Me: We have all these delicious coffee beans. We should buy a grinder.
Gordon: Eh. Folgers is fine.
Me, calling from Target: Would you like me to buy a coffee grinder? The coffee will taste better.
Me: I bought a coffee grinder.
Me, grinding coffee beans, making a pot of coffee.
Gordon: Mmm, coffee.
A month later…
Gordon: You know, I was lazy today and didn’t grind the beans. I made Folgers instead and it doesn’t taste as good. Who would’ve thought, right?
Me, discussing a controversial topic: I thought about a blog post.

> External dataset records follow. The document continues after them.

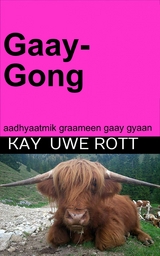 Gaay-Gong - Kay Uwe Rott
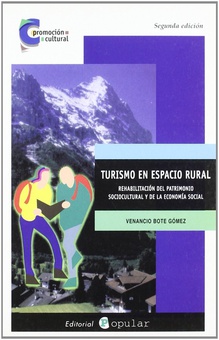 Turismo en el espacio rural Rehabilitación del patrimonio sociocultural y de la economía social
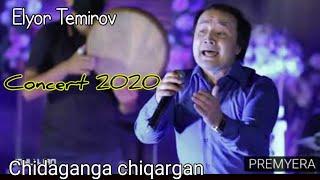 Elyor Temirov Konsert concert version Chidaganga chiqargan 2020 rasmiy /Елйор Темиров консерт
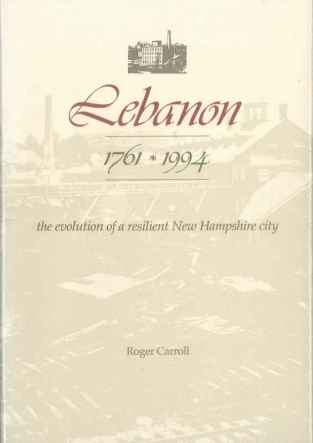 Lebanon 1761 - 1994: the evolution of a resilient New Hampshire city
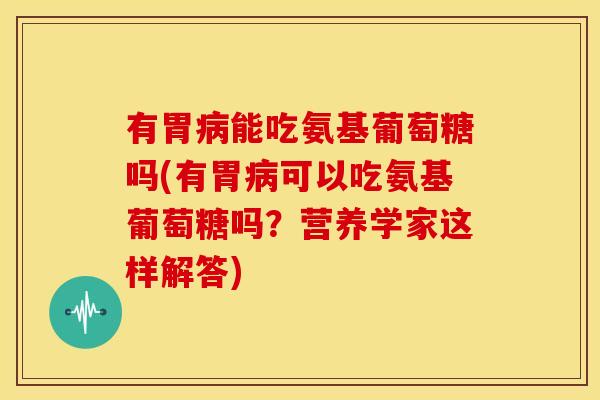 有胃能吃氨基葡萄糖吗(有胃可以吃氨基葡萄糖吗？营养学家这样解答)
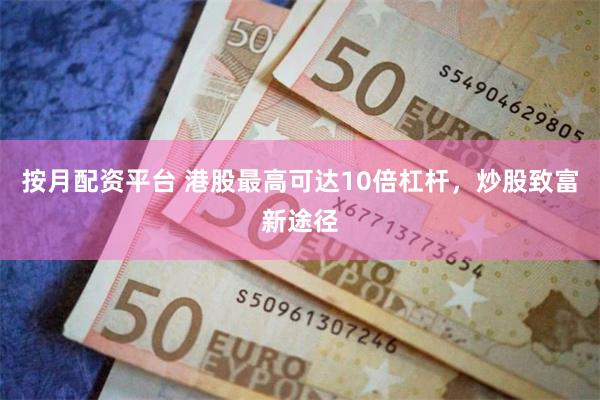 按月配资平台 港股最高可达10倍杠杆，炒股致富新途径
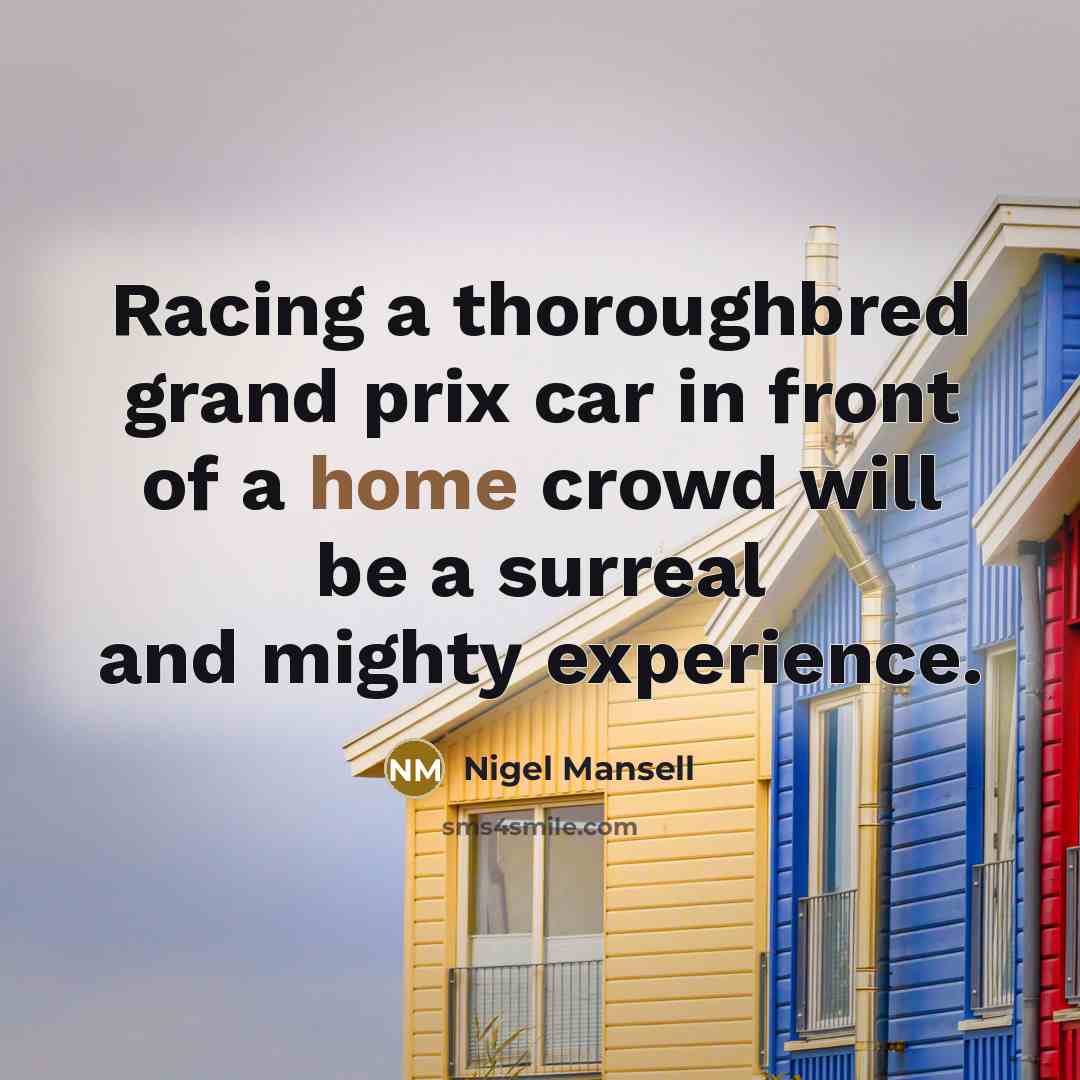 “Racing a thoroughbred grand prix car in front of a…” quote by Nigel Mansell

BFF: No, don’t do that. That’s deadline brain talking.
Me: Ok, I won’t. You shouldn’t either, then.
BFF: Of course, I won’t.
BFF: posts a blog post on the controversial topic.

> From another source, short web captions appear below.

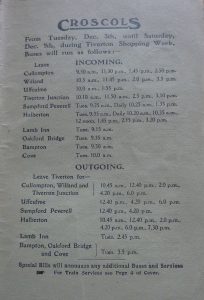 A page from the Tiverton Shopping Week booklet showing incoming and outgoing bus times for Shopping Week in December 1922. The bus company named is Croscols. There are several incoming services a day coming into Tiverton from all the surrounding towns and villages, including Cullompton, Uffculme, Sampford Peverell, Bampton and Oakford Bridge. 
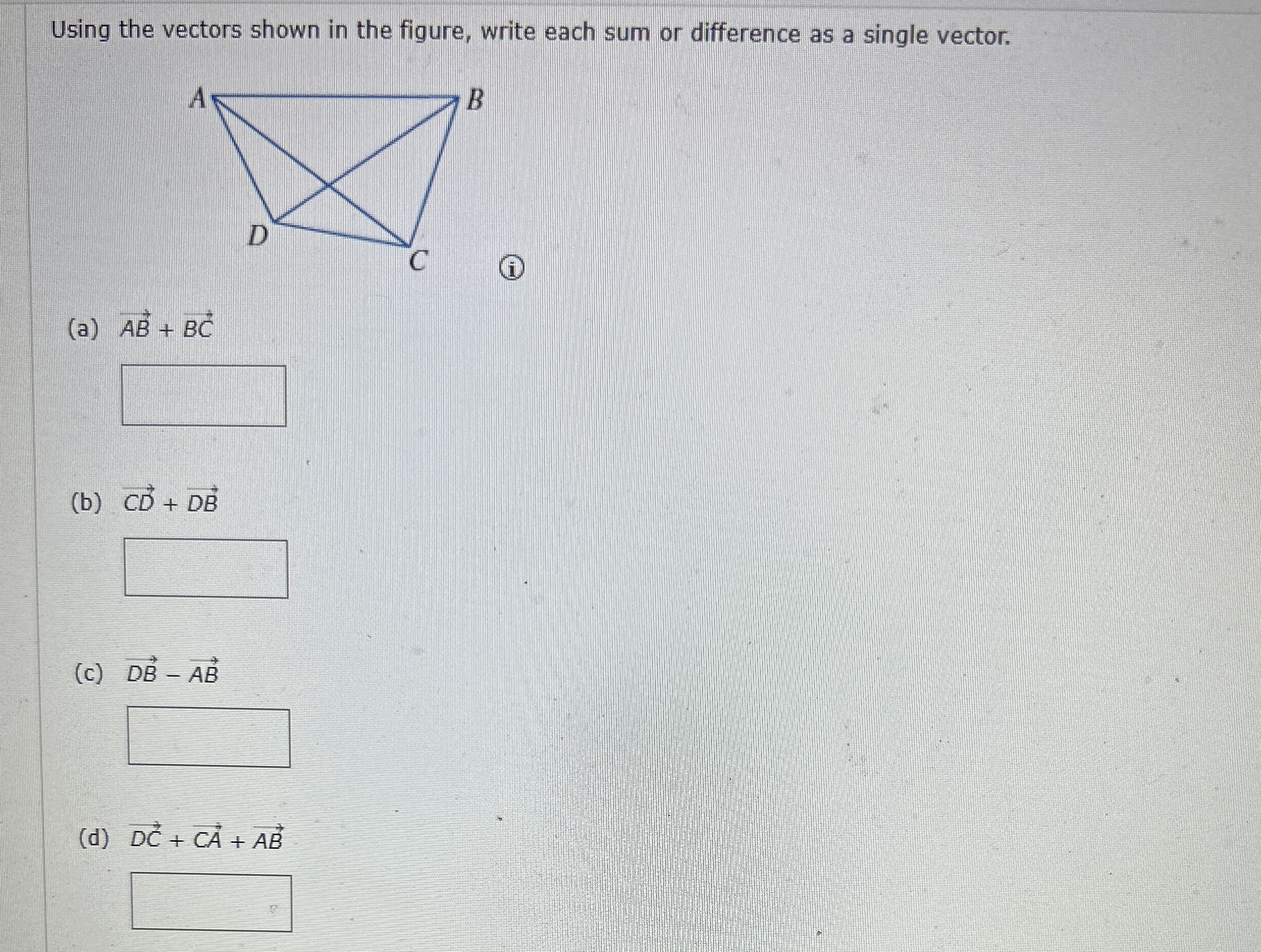 Using the vectors shown in the figure, write each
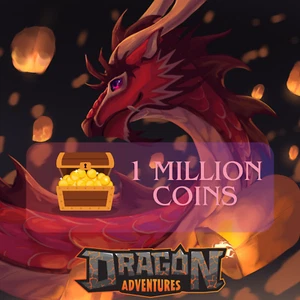 NOT AVAILABLE ║🐉 1 MILLION COINS ║ 1M ║🐉 Dragon Adventures 🐉 ║ DA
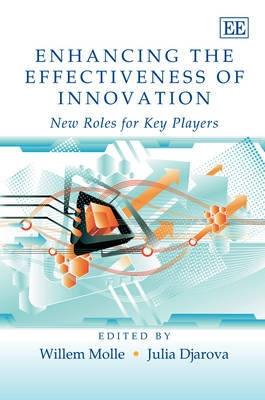 Enhancing The Effectiveness Of Innovation "New Roles For Key Players"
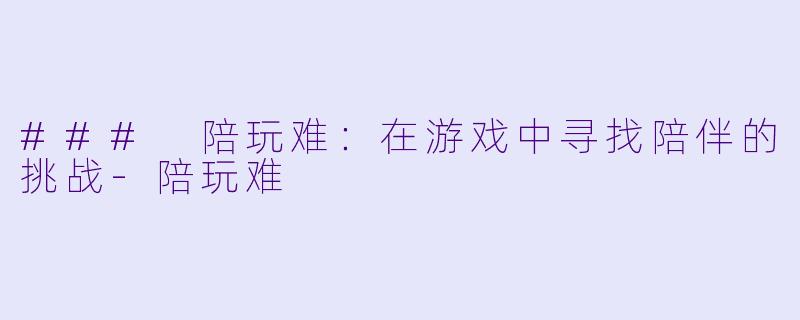 ### 陪玩难:在游戏中寻找陪伴的挑战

Me: Please don’t put the butcher block cutting board into the dishwasher.
Kid 1: It will be fine. I put mine in the dishwasher all the time.
Me: I mean it. It’s not a good idea.
Kid 1: Okay, mom.
Two hours later…
Kid 1, calling: Hey, mom, so you know that wooden board you have? The one made from wooden squares? It fell apart in the dishwasher. I don’t know how it happened…
Me: I don’t like the pictures from this photoshoot. The light is odd and they made you look so much older…
Kid 2: You don’t understand! These are great! He is a really good photographer!
Me: Yes, but…
Kid 2: I wish you were more supportive, mom.
Three months later…
Kid 2: These are my least favorite pictures. The light is odd and I look weird…
Me: Don’t eat the piece of lemon that fell on the floor! Trash! Trash!